19 responses to “Pass pro, 2022 edition

  1. Ran A

    Put it this way. I’m more concerned with how quickly our LB’S and the corner opposite Ringo grow up than I am M&M’s pass blocking skills. Actually believe that the run game will be better; expecting the O-line too be better than last years.

    Liked by 1 person

  2. gurkhadawg

    Definitely first world problem. But hey, we’re Georgia fans, we gotta worry about something, right?

    Liked by 3 people

  3. back9k9

    After seeing what we did in 2021 with a very thin WR room… I’m not too worried about this one.

    Liked by 2 people

  4. Dawg in Austin

    I saw this yesterday as well and my thoughts turned to why do we have such a low pass blocking frequency number. Obviously we run the ball plenty and geared down a lot in the second half creating those running plays. But 4th lowest struck me as very infrequent. I wonder if Stetson’s escapability gave Monken the confidence to go empty backfield more and add another WR or TE to the formation. Guessing that continues, given the personnel and pass blocking improvement on the OL.


  5. godawgs1701

    I’d be more worried about it if it was something we were good at last year, but since we weren’t I think I’ll choose to put this on the pile of things I’m not really worried about, like the check engine light.

    Liked by 6 people

  6. Biggen

    That doesn’t mean the other three aren’t any good at pass blocking though. They just haven’t had any opportunities yet like Cook/Zeus had.

    I’m not sure I’d count Cook as an elite pass blocker either. On that above referenced play it’s not like he stones Harris. Cook falls sideways during the block and trips up Harris.

    Liked by 1 person

    • Dylan Dreyer's Booty

      A guy who has probably the fewest reps of the returnees – Daijun Edwards – seems like a guy willing and able to stone a rusher. Regardless, as the stats show, we really haven’t lost much because we never had it to begin with.

      Liked by 1 person

  7. How important is pass blocking in critical situations? Ask Devonta Freeman.

    Liked by 2 people

  8. W Cobb Dawg

    Meh, I recall reading some complaints about Gurley’s blocking. If he was on the sideline for 1 play due to blocking deficiencies it was 1 play too many.
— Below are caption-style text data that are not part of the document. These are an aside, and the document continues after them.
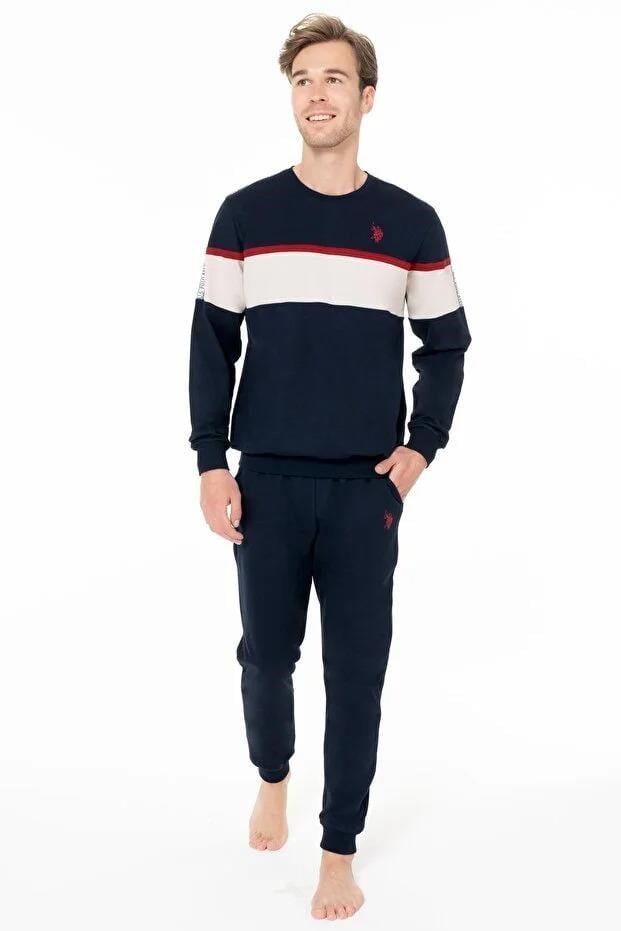 329184Erkek Lacivert Renk Uzun Kollu Bisiklet Yaka Renk Bloklu Lastikli Paça Pijama Takımı C6T3N981Pijama TakımıPoloErkek Lacivert Renk Uzun Kollu Bisiklet Yaka Renk Bloklu Lastikli Paça Pijama Takımı C6T3N981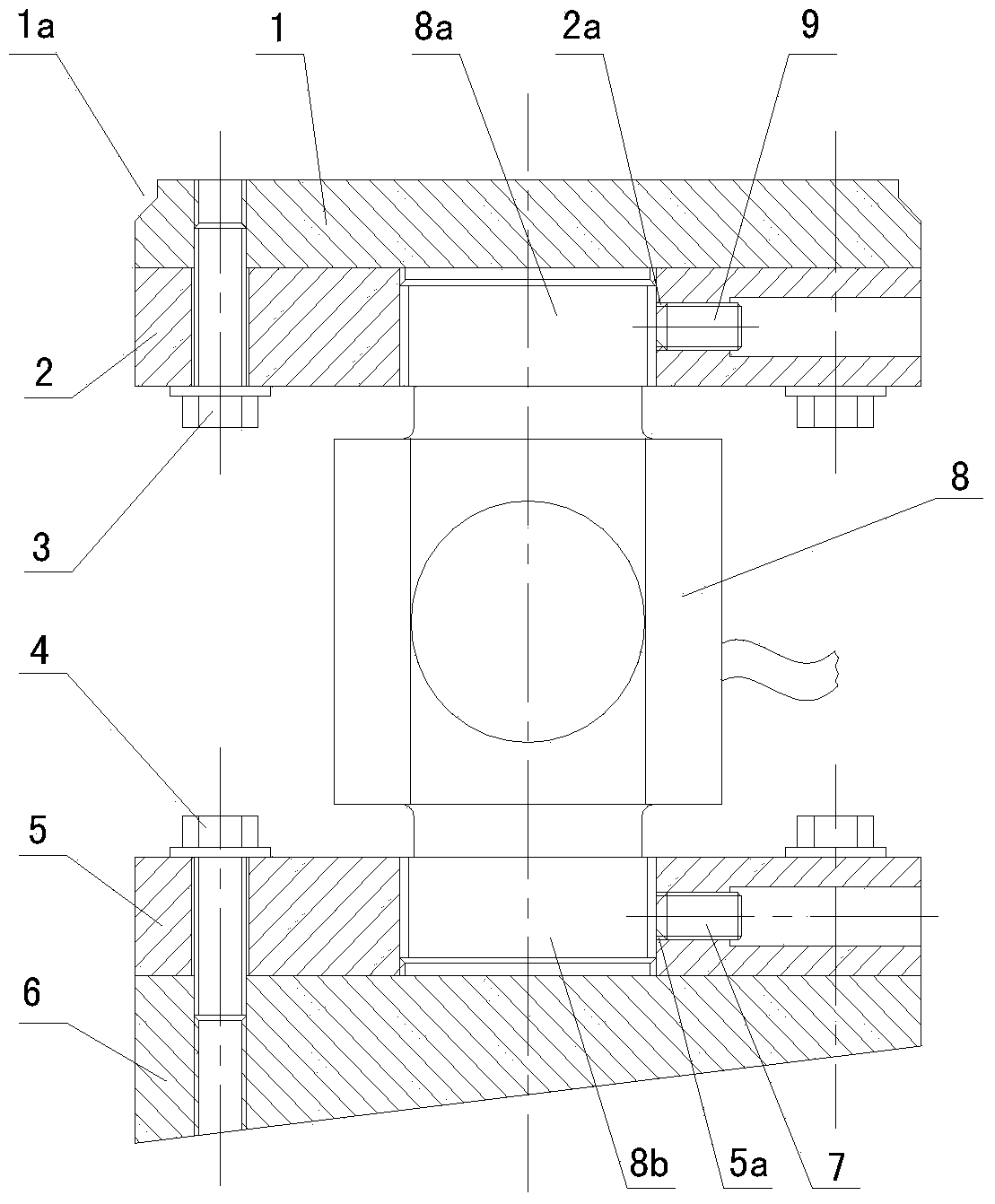 Stock bin weighing device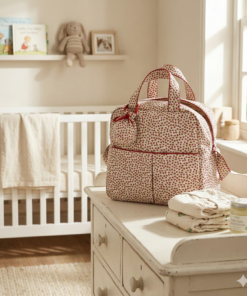 Bolso con cuelga chupete Micos modelo MARGARITAS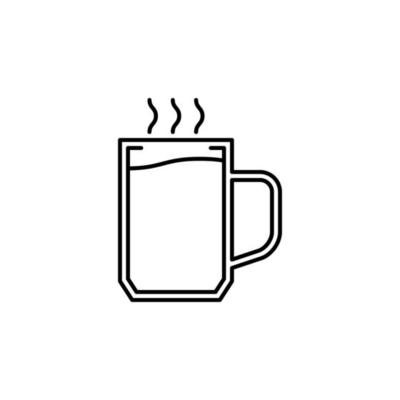 Hot water thermos and coffee cup icon vector. Hot drink. line icon style.  simple design editable. Design simple illustration 7675163 Vector Art at  Vecteezy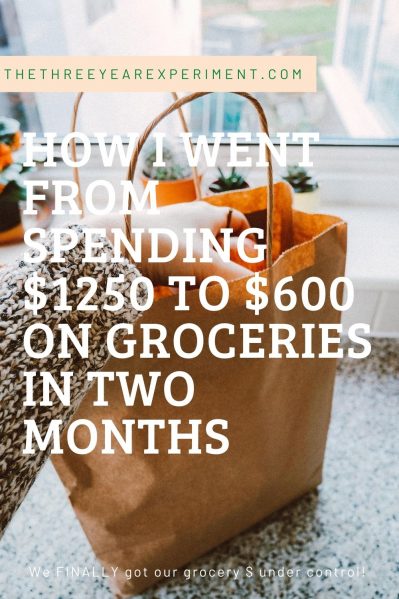 $600 grocery spending reduced grocery spending in two months
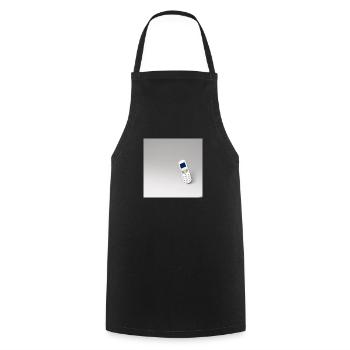Minimal Cell 02 - Kochschürze - Schwarz - Vorne - AI Model Male 185 dark (185cm)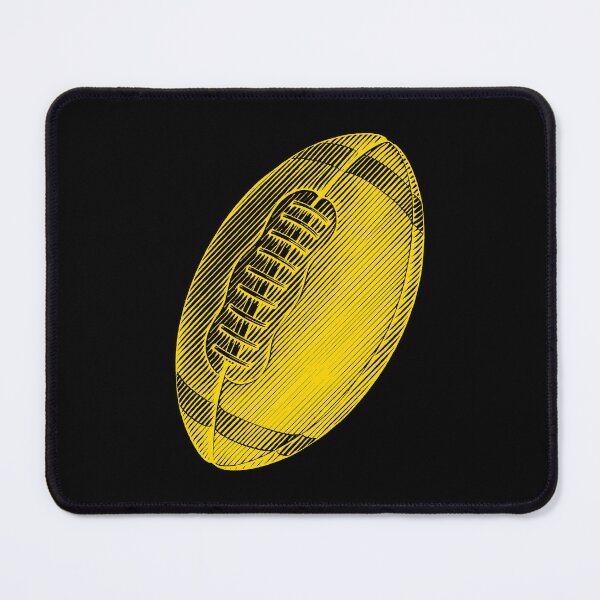 Item preview, Vintage Gold American Football Line Art designed and sold by pattern-archive.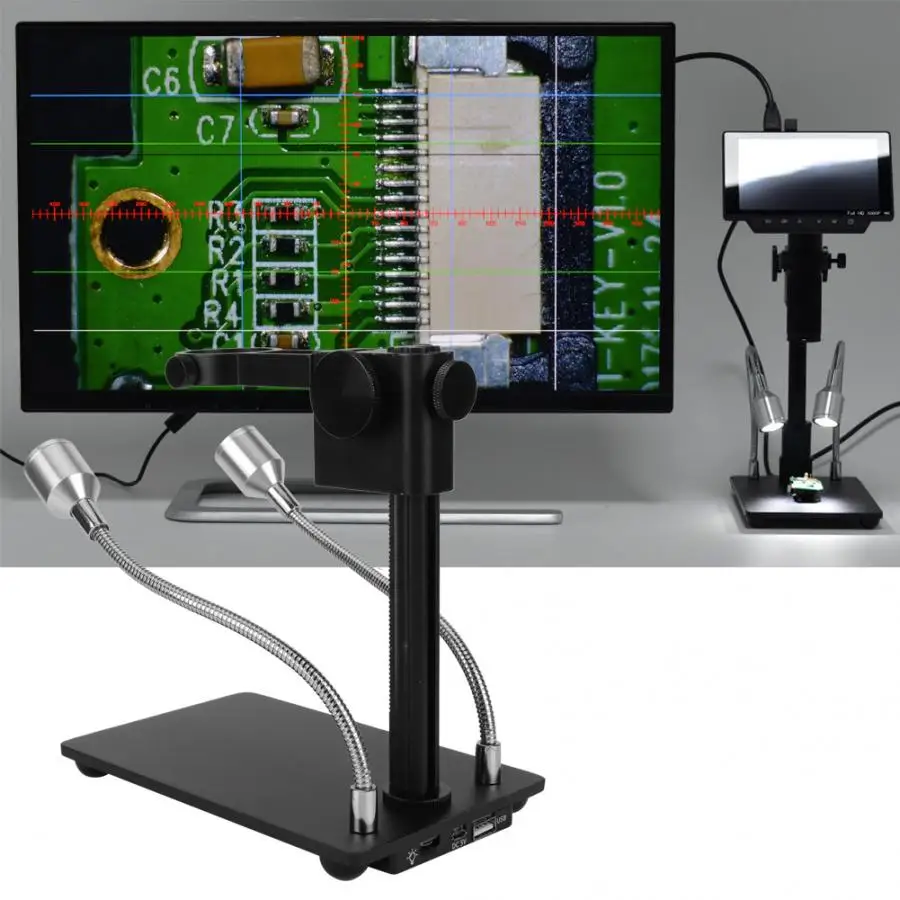 

microscopio digital usb Portable Aluminum Alloy Arm USB Microscope Camera Stand Holder Bracket Table Microscope Holder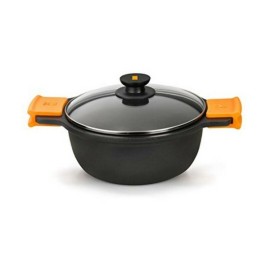 Касерола със Стъклен Капак BRA A270332 Черен Ø 32 cm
    Our RBs will be an asset this year. And looking forward with 220+ lb RBs Robinson and Paul coming in, the future is very bright.

    Liked by 2 people

    • ASEF

      IMO, Gurley botched the block on the LB that tipped the final pass in the ‘12 SEC championship. Let the guy get into him and elevate. If TG initiates the contact, guy can’t get any air.


      • W Cobb Dawg

        If we’re gonna ‘shoulda’, I’d suggest we shoulda gave the ball to Gurley and let him fly or plow into the end zone. Heck, he carried half of bama’s D on his back for his earlier TD in that game.


  9. Dawgfan1995

    Arguably, with how few pass pro plays for RBs that we ran, Monken already has adjusted for this.


  10. practicaldawg

    Cook’s pass protection was something we always took for granted. He was excellent, and I think it’s what really let him max out playing time in his last 2 years. He happened to be very good at catching footballs too.


  11. Spell Dawg

    That Mississippi stud RB we just brought in reminds me of Chubb, incredibly strong with a low center of gravity. If he can get pass-pro down, we’ll be fine.


  12. whb209

    Pass pro has a lot to do with the ability to stick your nose in the rushers chest. If you don’t mind the sight of you own blood the job is yours. Coach Monken has this under control.

    Liked by 1 person

  13. Texas Dawg

    I’m sure they will improve with playing time. If I remember correctly, Cook was not that good of a blocker early in his career. He improved tremendously with coaching and playing time.

    Liked by 2 people

  14. ASEF

    Backs tend to get better year by year at blocking. It takes time and reps, given that most of them were never asked to do it in high school.